Biographie

Grégoire Favre naît le 15 décembre 1977 à Sion. Il grandit à Saint-Maurice en Valais, où il suit une grande partie de sa scolarité.

En 1997, après avoir obtenu sa maturité fédérale (équivalent du bac français) à l’école privée Ardévaz de Monthey, il entreprend un voyage aux États-Unis et en Amérique latine. À son retour en 1998, il commence des études en lettres à l’université de Genève, qu’il abandonnera après une année. Il s’établit alors à Zurich, travaille comme steward pour la compagnie d’aviation Swissair jusqu’à la faillite de l’entreprise en 2002, puis pour l’Exposition nationale suisse (Expo.02).

En 2003, il reprend ses études à l’université de Lausanne en histoire de l’art, français et histoire du cinéma. Il mène une intense activité littéraire tout en s’adonnant à la peinture et à la performance, notamment au Lapin Vert à Lausanne. Il reçoit en 2003 le Prix littéraire de la commune de Vernier puis, en 2004, le Prix de la Sorge.

En 2005 paraît son premier recueil de poèmes Paysage de Bretagne autour de gravures de l’artiste Valentine Schopfer.

Après avoir obtenu une demi-licence en cinéma, il quitte l’université et décide de retourner en Valais pour se consacrer entièrement à ses projets artistiques. En 2005, il s’associe au peintre Éric Bovisi pour réaliser, sous le regard du public, des performances picturales.
Au festival de BD de Sierre en 2006, les deux artistes créent des cubes géants en bois où le visiteur est invité à pénétrer, à vivre une expérience sensorielle et humaine dans un environnement fait de peintures, collages, coupures de presse et slogans poétiques.

Installation-performance réalisée par Grégoire Favre en 2006 au Festival de BD à Sierre
Installation réalisée par Grégoire Favre en 2006 au festival de BD à Sierre (photo : © Aline Moser). EN SAVOIR +

La collaboration artistique entre Grégoire Favre et Éric Bovisi va se poursuivre sur plusieurs années. Elle sera fructueuse. En 2007, le duo se livre à une création in situ à l’alpage de Ponchet (Chandolin), série de pièces éphémères entre sculptures, performances et installations. Pour garder une trace de ce travail, Grégoire Favre s’équipe d’un reflex numérique Pentax et expérimente différentes techniques photographiques.

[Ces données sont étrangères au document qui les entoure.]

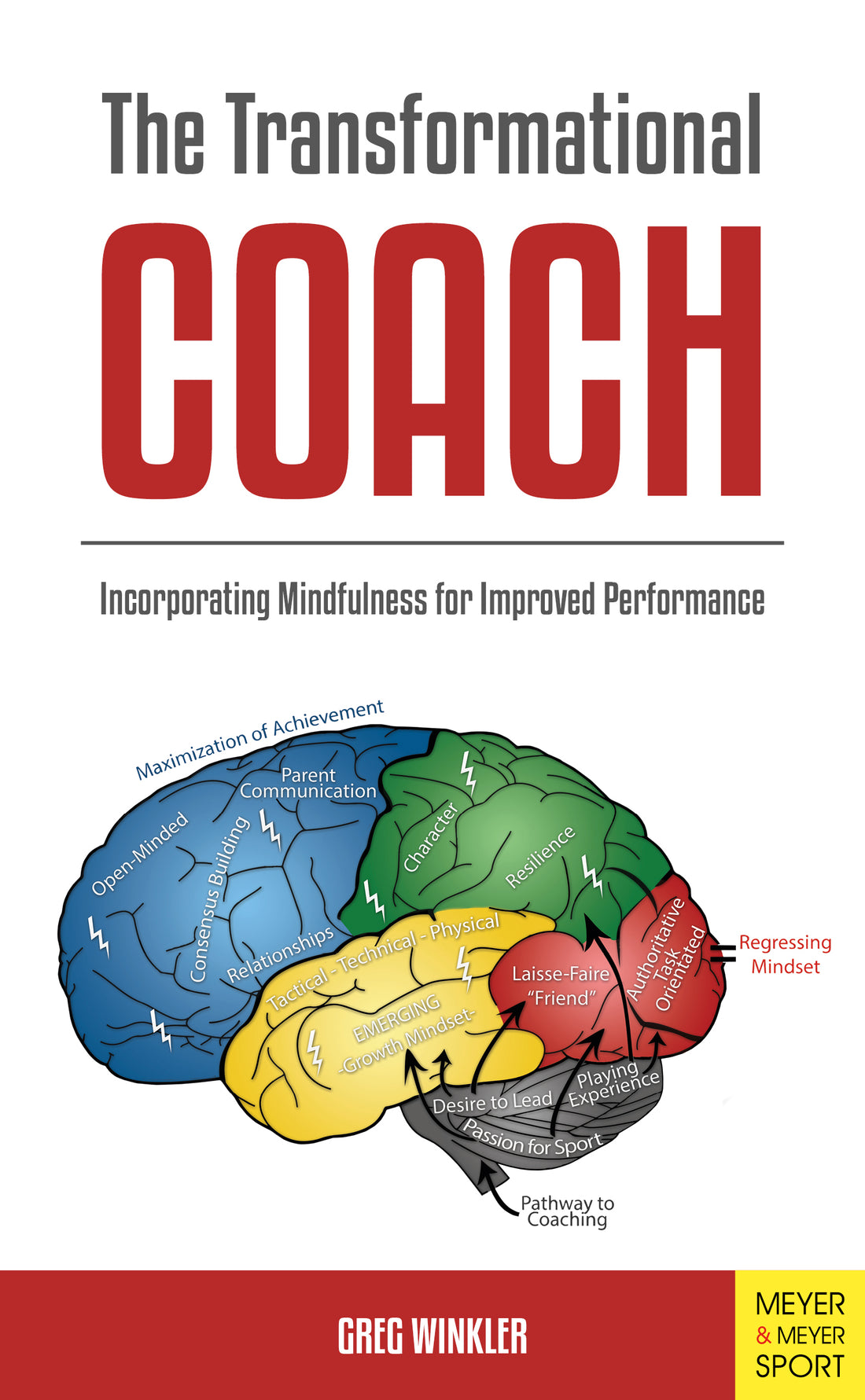 The Transformational Coach by Greg Winkler — cover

L’appareil photo ne quittera désormais plus ses mains et deviendra un de ses outils de création privilégiés.

En 2008, après avoir fondé l’Association Raison d’être, Grégoire Favre et Éric Bovisi présentent l’exposition Ramuz EnQuête d’une identité. Les artistes donnent vie au peintre Aimé Pache, personnage de roman inventé par Charles-Ferdinand Ramuz. À l’aide de peintures, de photographies, d’installations, de vidéos, de documents, d’objets chinés dans des brocantes, d’écrits, de coupures de presse, les artistes investissent les 700 m2 des Halles de Sierre. Ils interrogent, au travers du regard de l’auteur vaudois et de son personnage, leurs propres conditions d’artiste et le lien qui unit l’individu à sa région. Grégoire Favre et Éric Bovisi brouillent les frontières qui séparent la fiction de la réalité et, à une enquête photographique sur les racines vaudoises de Ramuz répond une autre enquête, celle des racines valaisannes du duo artistique.

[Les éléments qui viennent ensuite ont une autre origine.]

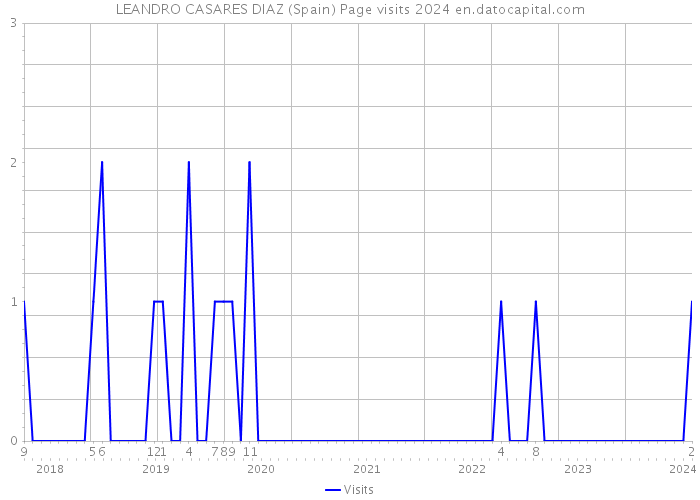 LEANDRO CASARES DIAZ (Spain) Page visits 2024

Photographie de Grégoire Favre – Série Aimée Pache, peintre vaudois – Exposition Ramuz EnQuête d’une identité. EN SAVOIR +

En 2010, Grégoire Favre et Éric Bovisi présentent leurs nouvelles investigations artistiques dédiées cette fois-ci au monde ouvrier. La mémoire ouvrière concrétise plus de deux ans de recherche et de travail, de prospection dans des archives industrielles, d’interviews d’ouvriers. Les artistes se sont intéressés à un monde jusqu’ici inexploré, celui des ouvriers valaisans dont ils traquent l’histoire et recherchent les traces encore visibles dans la région. À l’ancienne usine Usego de Sierre, sur 1200 m2, le projet est élaboré en dialogue avec la population valaisanne à la suite d’un appel à témoins lancé dans la presse. Aux peintures d’inspiration constructiviste d’Éric Bovisi se mêlent les pièces de Grégoire Favre : portraits et témoignages d’ouvriers, entretiens vidéo, photographies de vestiges industriels, vidéo filmant la démolition de la fabrique de charbon de l’usine de Chippis, archives inédites, articles de presse, livres, objets…

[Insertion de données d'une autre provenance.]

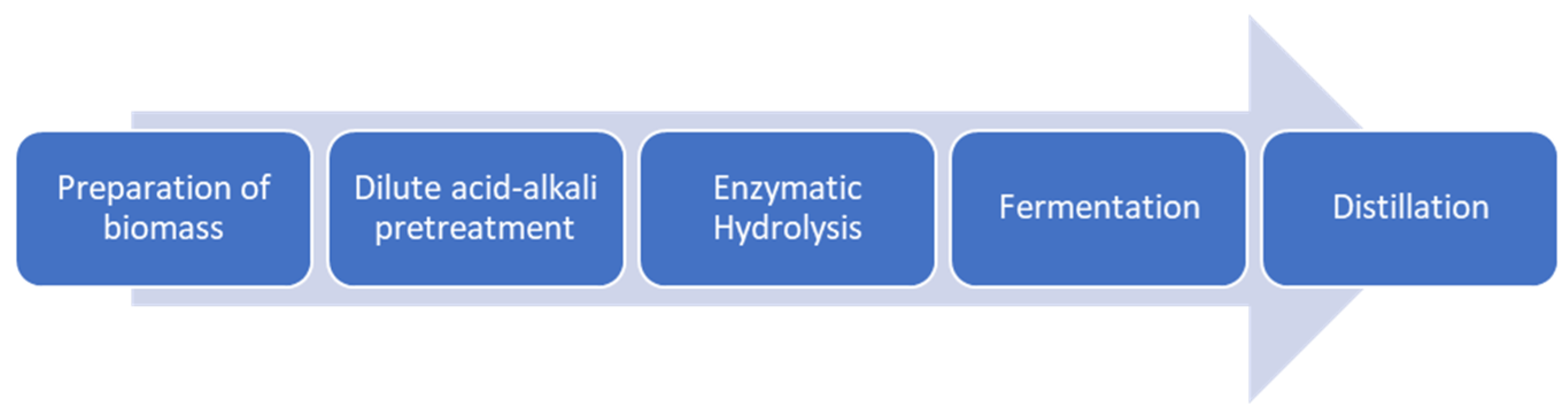 Energies 15 09597 g001 Energies 15 09597 g001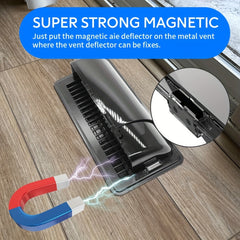 Adjustable Magnetic Air Vent Deflector - Set of 3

La mémoire ouvrière se joue des frontières qui séparent l’art contemporain de la recherche scientifique et bouscule la vision d’un art élitiste qui graviterait en circuit fermé. Les deux artistes font dialoguer les générations, mettent en présence des archives et des paysages contemporains, confrontent le témoignage à la mémoire collective, leur imaginaire et leur travail plastique aux faits de l’Histoire. Ils invitent la population valaisanne à se réapproprier leur mémoire et, de manière plus générale, à poser une réflexion sur le monde ouvrier.

Photographie de Grégoire Favre – Série La Déconstruction – Exposition La Mémoire ouvrière. EN SAVOIR +

Autour de l’exposition, des concerts et événements se multiplient. Par ailleurs, un colloque sur le thème de la mémoire ouvrière est organisé le 6 novembre 2010 par l’Association pour l’étude de l’histoire du mouvement ouvrier (AÉHMO).

En prolongement de l’exposition, le livre Mémoire ouvrière, signé par Grégoire Favre en collaboration avec l’historien Luc van Dongen, paraît aux éditions Monographic en 2011. Là aussi, Grégoire Favre mélange les genres en croisant l’histoire, la mémoire et l’art.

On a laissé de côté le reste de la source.